Let us understand how to DROP Spark Metastore Tables as well as Databases. Let us start the spark context for this Notebook so that we can execute the code provided.
Key Concepts Explanation
Using Spark SQL
spark2-sql \
--master yarn \
--conf spark.ui.port=0 \
--conf spark.sql.warehouse.dir=/user/${USER}/warehouse
Using Scala
spark2-shell \
--master yarn \
--conf spark.ui.port=0 \
--conf spark.sql.warehouse.dir=/user/${USER}/warehouse
Using Pyspark
pyspark2 \
--master yarn \
--conf spark.ui.port=0 \
--conf spark.sql.warehouse.dir=/user/${USER}/warehouse
- We can use DROP TABLE command to drop the table. Let us drop the “orders” table.
Dropping Tables
%%sql
DROP TABLE orders
- DROP TABLE on a managed table will delete both metadata in the metastore as well as data in HDFS, while DROP TABLE on an external table will only delete metadata in the metastore.
Dropping Databases
-
We can drop a database by using the DROP DATABASE command. However, we need to drop all tables in the database first.
-
Here is an example to drop the database “itversity_retail”:
DROP DATABASE itversity_retail
-
We can also drop all tables and databases by adding the CASCADE option.
%%sql
DROP DATABASE itversity_retail
Hands-On Tasks
Description of the hands-on tasks. Provide a list of tasks that the reader can perform to apply the concepts discussed in the article.

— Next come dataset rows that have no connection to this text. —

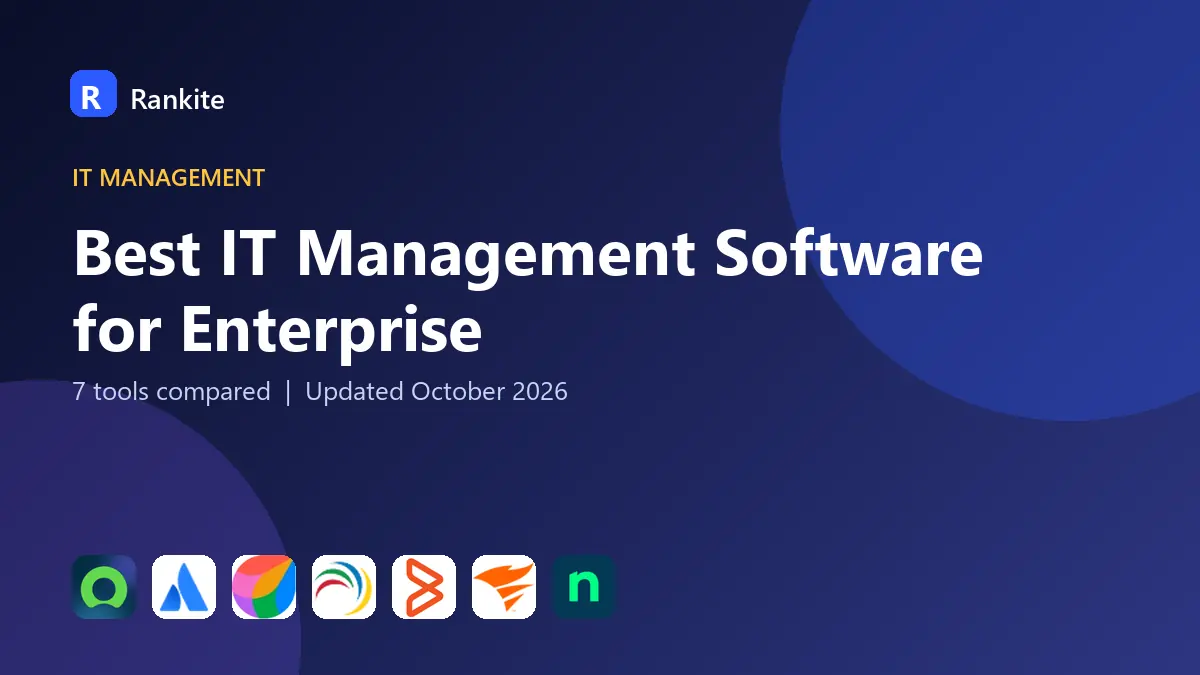 Best IT Management Software for Enterprise in 2026: 7 Tools Compared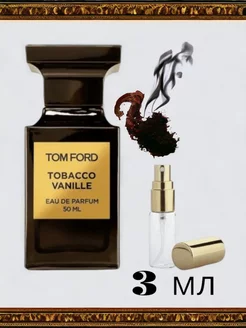 Духи Tobacco Vanille пробник 3 мл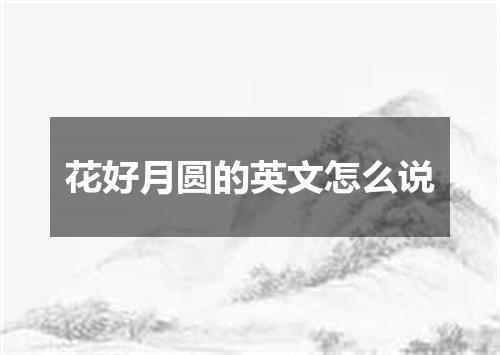 花好月圆的英文怎么说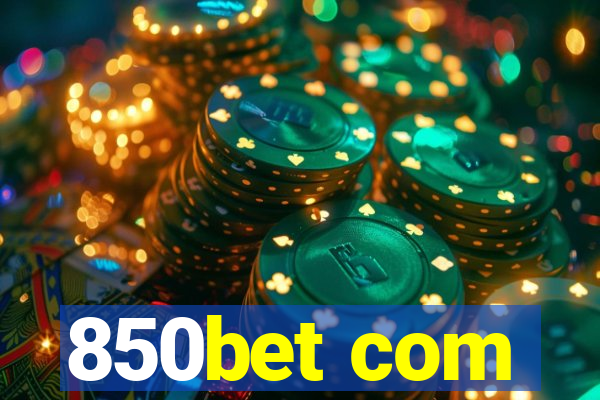 850bet com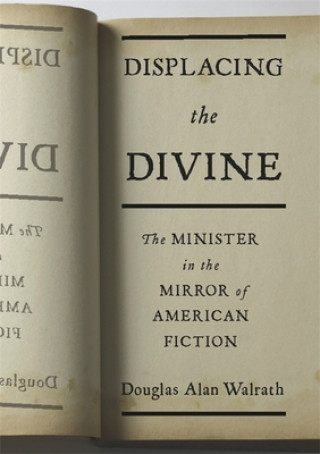 Livre Displacing the Divine Douglas A Walrath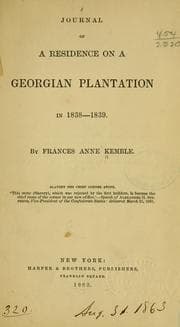 Cover of Journal of a residence on a Georgian plantation in 1838-1839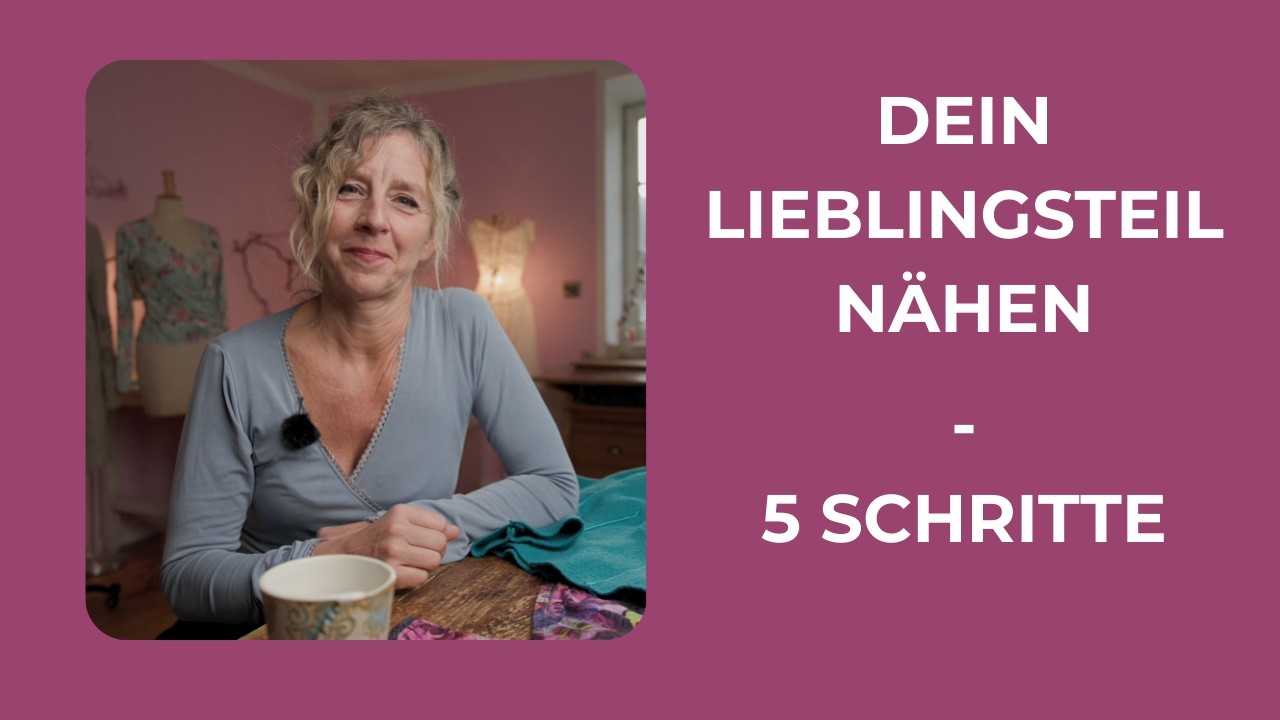 Warum du deine selbstgenähten Sachen nicht trägst - 5 Schritte, die wirklich helfen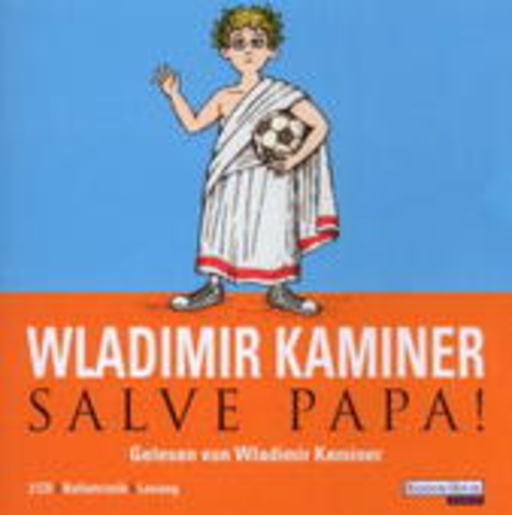 Wladimir Kaminer – Salve Papa!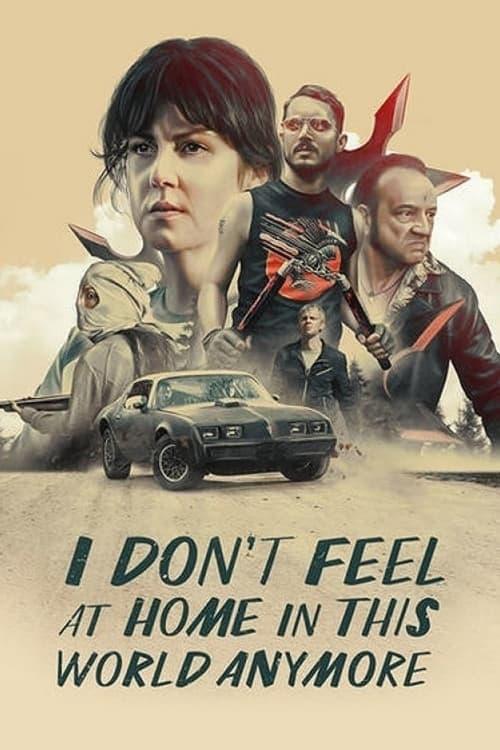 I Don't Feel at Home in This World Anymore poster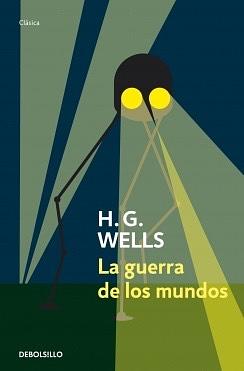 La Guerra de los Mundos by H.G. Wells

- Run the provided code snippets to understand how to drop tables and databases in Spark SQL.
Conclusion
In this article, we learned how to efficiently drop Spark Metastore Tables and Databases. It is essential to understand the implications of dropping tables and databases, especially regarding managed and external tables. Practice these concepts in your own environment to solidify your understanding.
Let me know if you have any questions or need further clarification.